* Material shown
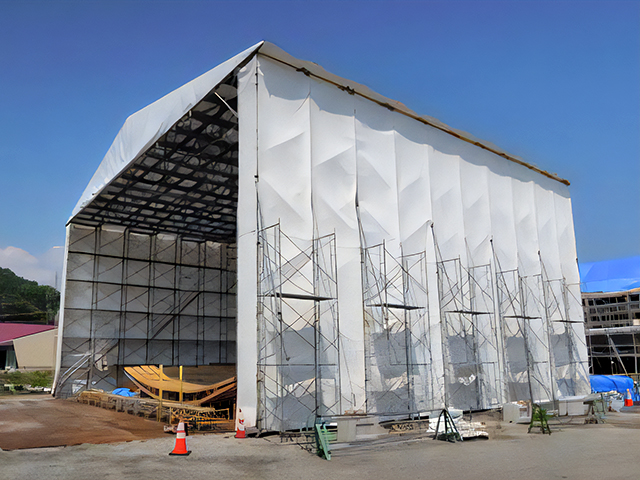 全天候型仮設屋根「簡易屋根トラス」/関西仮設株式会社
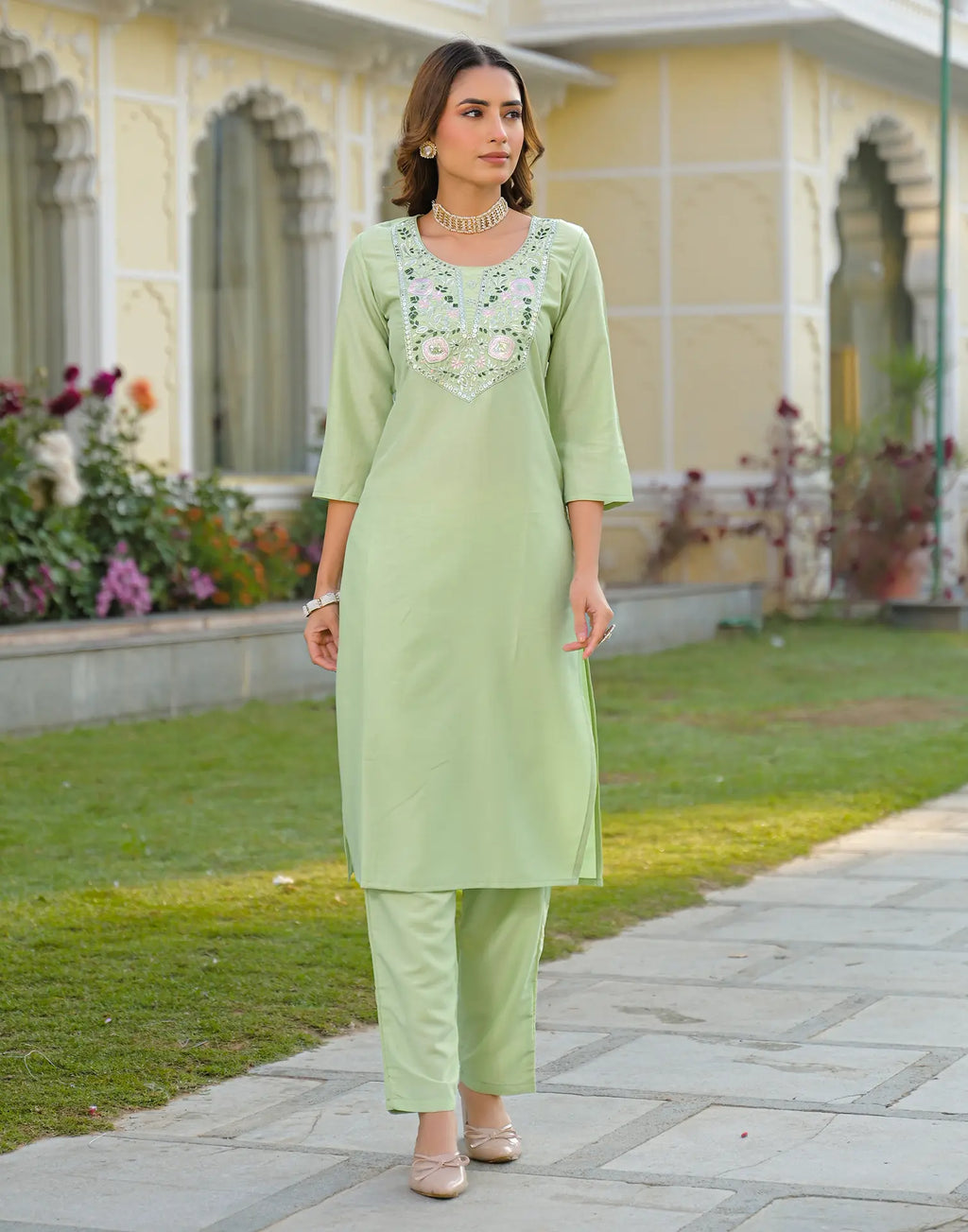 Skylee Chinnon Sequins Work Straight 3 Piece Kurta Set For Woman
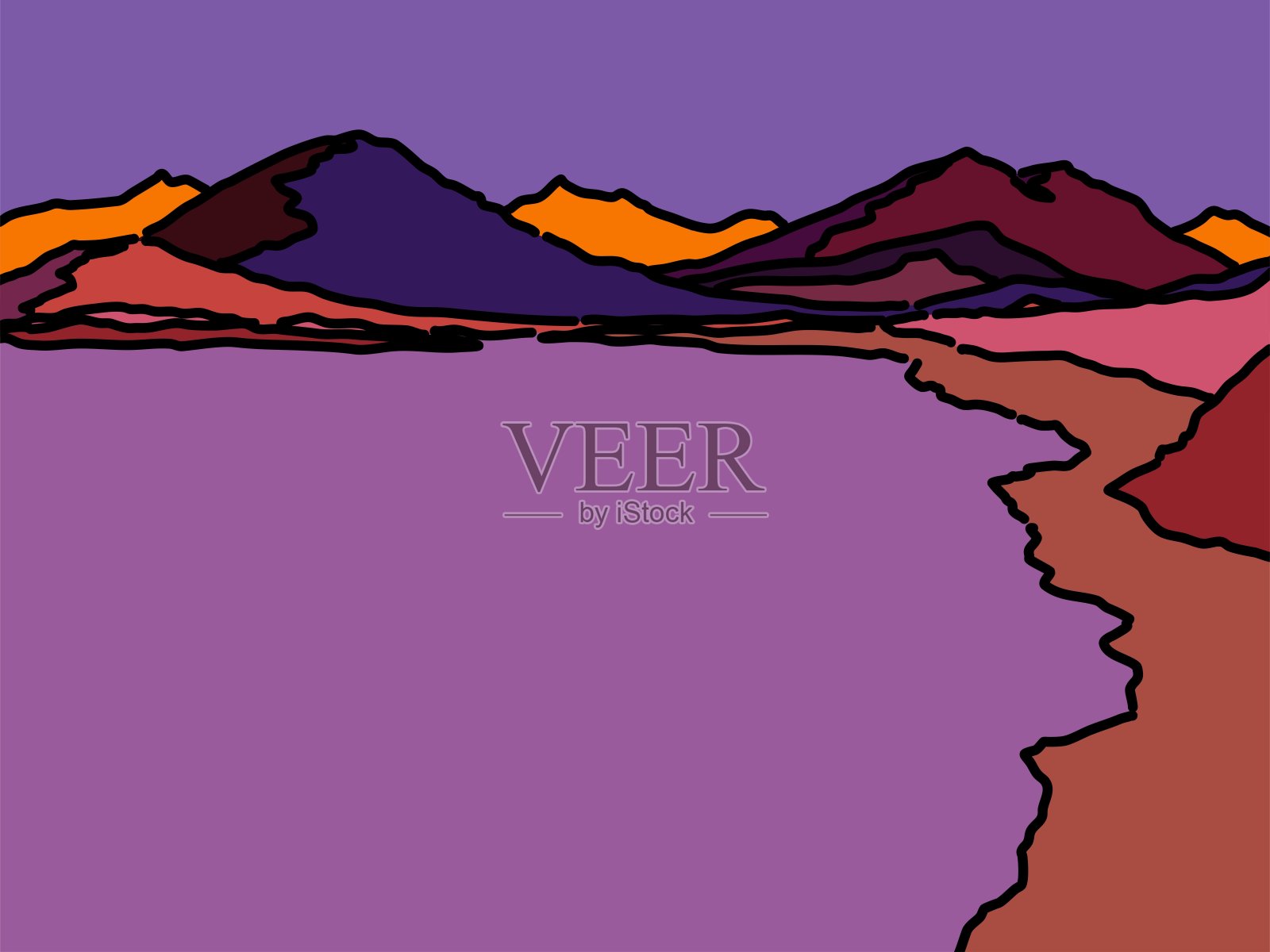 背景湖插画图片素材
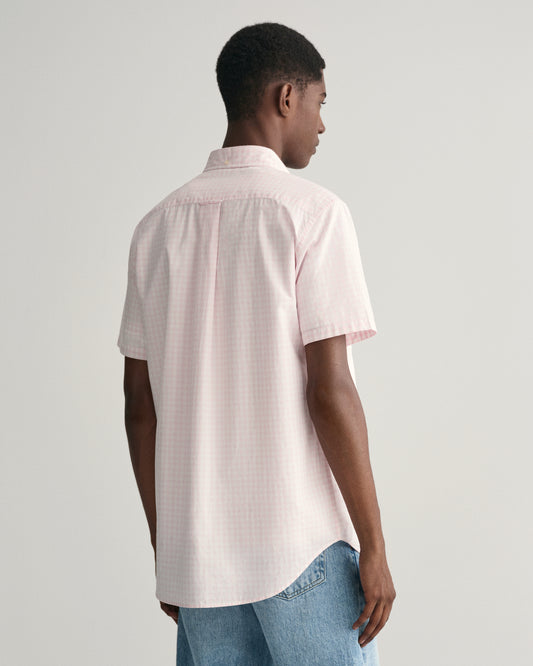 LIGHT PINK, REG POPLIN GINGHAM SS SHIRT, BACK-VIEW BY GANT AU.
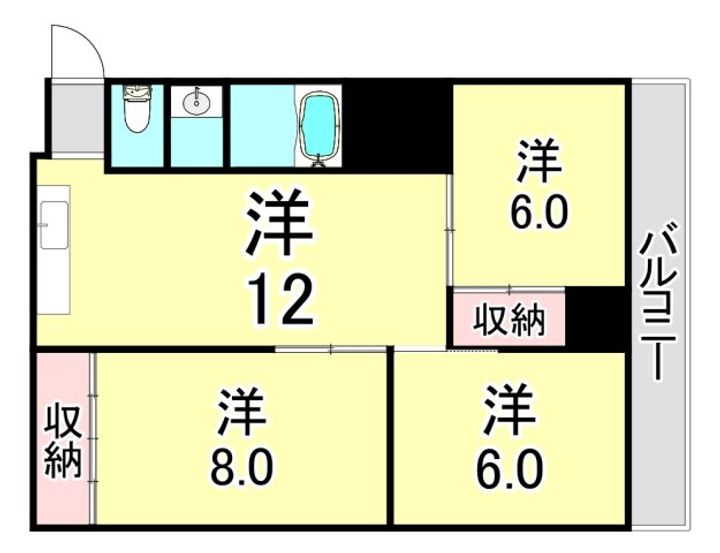 兵庫県神戸市長田区大谷町3丁目(マンション)の賃貸物件の間取り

* Goal of the exercise
Return the data verbatim, leaving out the pictures it holds.

* Solution for this exercise
 全天候型仮設屋根「簡易屋根トラス」/関西仮設株式会社
 Skylee Chinnon Sequins Work Straight 3 Piece Kurta Set For Woman
 背景湖插画图片素材
 LIGHT PINK, REG POPLIN GINGHAM SS SHIRT, BACK-VIEW BY GANT AU.
 兵庫県神戸市長田区大谷町3丁目(マンション)の賃貸物件の間取り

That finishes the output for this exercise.